Sure is a tough life.

Sure is a tough life. Somehow, I’m powering through the burn.

1.  When our med school lecturers joked that “50% of what we teach you today will turn out to be wrong”, I should not have laughed. I always assumed that aphorism was meant more  “over the course of a career” than “over the course itself” – which makes the joke less “funny” and more “immediately alarming”.

(Seriously, forget about niacin for cardiovascular end-point improvement, statins for primary prevention in women, and beta blockers for isolated hypertension in anyone. Lies, damned lies, and statistics.)

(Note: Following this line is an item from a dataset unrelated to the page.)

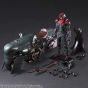 SQUARE ENIX - Final Fantasy VII REMAKE Play Arts Kai - Shinra Elite Security Officer & Motorcycle Set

2. Insurance companies DO care – about electrolytes. The health of my patients has truly never been as prioritized and cared about as it is during the 10 minutes immediately after attempting to order a calcium level.

phone 2

Yes, THANK THE DEAR LORD you insurance companies have risen up to protect us against the abominable scourge of lab-draws for patients with generalized bone pain; thus forcing us to go straight to the much more fiscally-responsible full-body bone scan.

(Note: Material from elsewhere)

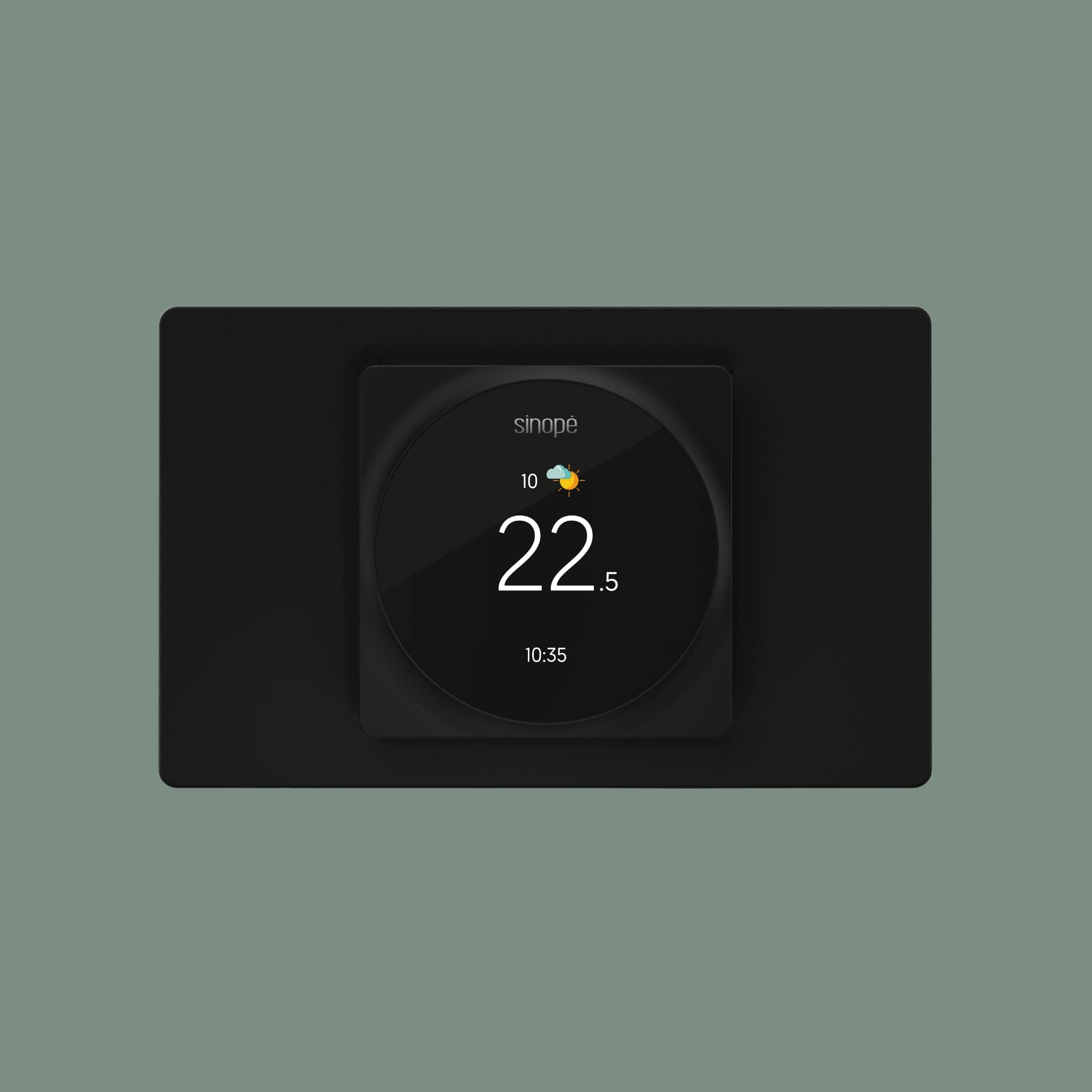 Decorative plate for HVAC Thermostat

WELL DONE, YOU. Slow claps all around.

getting off the phone idiot

(Yes, I did read the Time article. And all the immediately preceding identical articles that, for whatever reason, never blew up the same way despite containing the exact same information. Seriously, healthcare spending has been a mess for far longer than Time Magazine has been in existence, and while the attempts at fixing it have changed, the underlying reasons have 1) not, and 2) never really centered on ionized calcium, to the best of my knowledge.)

3. How to present a healthy patient, with no complaints, with an unremarkable annual physical.

there is no news

“So… in conclusion, my plan is to shake their hand and wish them a good year.”

4.  Career-wise, I am a cheap date.  My preceptor gave me my own office for the month. It has a phone line! And a desk! And a window!

And that was the moment I knew I was going into primary care.

(I’m kidding. Still, it’s amazing the difference a desk can make: call me power mad, but the last time I had my own office I was 8, and it was a re-purposed Fisher-Price box.)

5. Fine, Geriatrics really DOES deserve to be a specialty. I’ll admit it – I was never convinced the Science of Old People ran much deeper than “\dose adjustment” and “avoid the hell out of anticholinergics”.

“This specialty’s inability to take itself seriously is reflected in its inability to find a title that it’s comfortable with. ‘Geriatrics’ was discarded because many practitioners resented being a ‘geriatric consultant’. ‘Gerontology’ was toyed with, as it made their discipline sound much more scientific. However, this was dismissed as inappropriate for exactly that reason.”

– John Larkin, Cynical Acumen

But I’ll give this to them: pain control in the elderly is a nightmare.  NSAIDs are right off the table, opiates and trazodone are great recipes for broken hips and delirium, gabapentin isn’t exactly the drug of choice for arthritic pain, and it’s hard to muster up the untempered enthusiasm to encourage daily acetaminophen use.